At least 40 Palestinians were killed by Israeli gunfire and airstrikes on Gaza on Monday, including 10 seeking aid, health authorities said, adding another five had died of starvation in what humanitarian agencies warn may be an unfolding famine.
The 10 died in two separate incidents near aid sites belonging to the U.S.-backed Gaza Humanitarian Foundation (GHF), in central and southern Gaza, local medics said.
The United Nations says more than 1,000 people have been killed trying to receive aid in the enclave since the GHF began operating in May 2025, most of them shot by Israeli forces operating near GHF sites.
“Everyone who goes there, comes back either with a bag of flour or carried back [on a wooden stretcher] as a martyr, or injured. No one comes back safe,” said Palestinian Bilal Thari, 40.

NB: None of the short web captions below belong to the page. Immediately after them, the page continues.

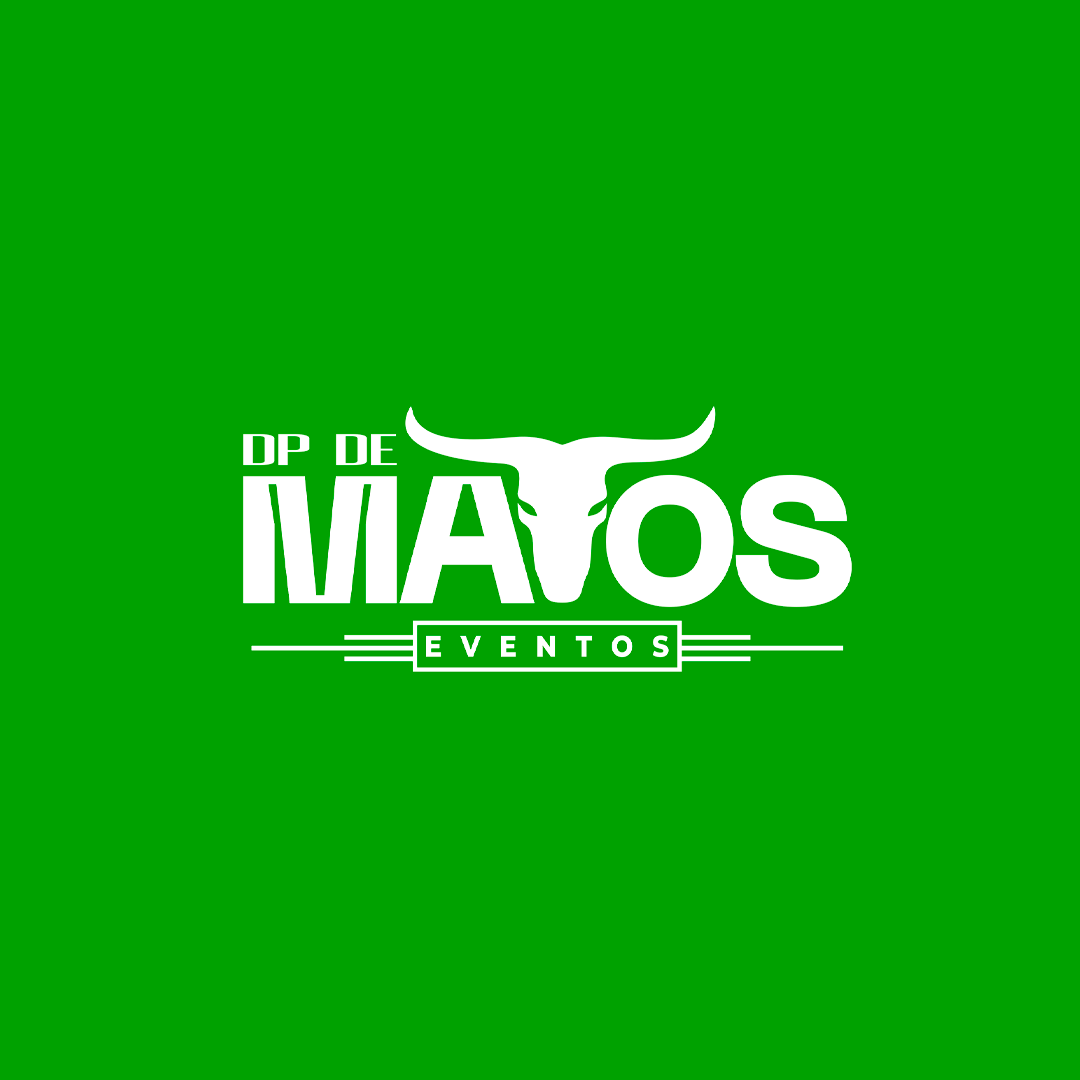 DP DE MATOS EVENTOS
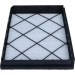 26-0480 Filter, Innenraumluft 26-0480 Filter, Innenraumluft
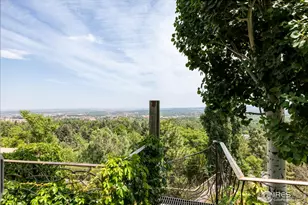 333 Bellevue Dr, Boulder, CO 80302 - Photo 27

He was among mourners at Gaza City’s Al-Shifa Hospital on Monday who had gathered to collect the bodies of their loved ones killed a day earlier by Israeli fire as they sought aid, according to Gaza’s health officials.
At least 13 Palestinians were killed on Sunday while waiting for the arrival of UN aid trucks at the Zikim crossing on the Israeli border with the northern Gaza Strip, the officials added.
At the hospital, some bodies were wrapped in thick patterned blankets because white shrouds, which hold special significance in Islamic burials, were in short supply due to continued Israeli border restrictions and the mounting number of daily deaths, Palestinians said.
“We don’t want war, we want peace, we want this misery to end. We are out on the streets, we all are hungry, we are all in bad shape, women are out there on the streets, we have nothing available for us to live a normal life like all human beings, there’s no life,” Thari told Reuters.
WARNING: Video contains distressing images | The U.S. special envoy to the Middle East, Steve Witkoff, visited Gaza on Friday to inspect a controversial aid distribution site, backed by the U.S. and Israel, after meeting with Israeli Prime Minister Benjamin Netanyahu on Thursday.
There was no immediate comment by Israel on the incidents of shootings on Sunday and Monday.
Israel blames Hamas for the suffering in Gaza and says it is taking steps for more aid to reach its population, including airdrops, pausing fighting for part of the day in some areas and announcing protected routes for aid convoys.
Israeli Prime Minister Benjamin Netaynahu said on Monday he would convene his security cabinet this week to discuss how to instruct the military to proceed in Gaza and meet all his war goals.
“We must continue to stand together and fight together to achieve all our war objectives: the defeat of the enemy, the release of our hostages and the assurance that Gaza will no longer pose a threat to Israel,” Netanyahu said at the outset of a regular cabinet meeting.
Netanyahu did not say when the security cabinet meeting would be held this week.
5 more people die of hunger
Meanwhile, five more people died of starvation or malnutrition over the past 24 hours, Gaza’s health ministry said on Monday. The new deaths raised the toll of those dying from hunger to 180, including 93 children, since the war began.
UN agencies have said that airdrops of food are insufficient and that Israel must let in far more aid by land and quickly ease access to it.
COGAT, the Israeli military agency that co-ordinates aid, said that during the past week, more than 20,000 tonnes of humanitarian aid in 1,200 trucks had entered Gaza but that hundreds of the trucks had yet to be driven to aid distribution hubs by UN and other international organizations.
As the hunger crisis in Gaza deepens, the arrival of an aid plane — part of a joint operation by Egypt, Jordan and the United Arab Emirates — over Al-Zawayda on Wednesday sent people running and climbing over walls to retrieve its precious cargo, as some decried the chaotic conditions. ‘Do I have to die so I can get it?’ one man said.
The Hamas-run Gaza government media office said on Sunday that more than 600 aid trucks had arrived since Israel eased restrictions late in July. However, witnesses and Hamas sources said many of those trucks have been looted by desperate displaced people and armed gangs.
Palestinian and UN officials said Gaza needs around 600 aid trucks to enter per day to meet the humanitarian requirements — the number Israel used to allow into Gaza before the war.
The Gaza war began when Hamas-led attacks killed around 1,200 people and took 251 hostages in southern Israel on October 7, 2023, according to Israeli figures. Israel’s offensive has since killed more than 60,000 Palestinians, according to Gaza health officials.
According to Israeli officials, 50 hostages now remain in Gaza, only 20 of whom are believed to be alive.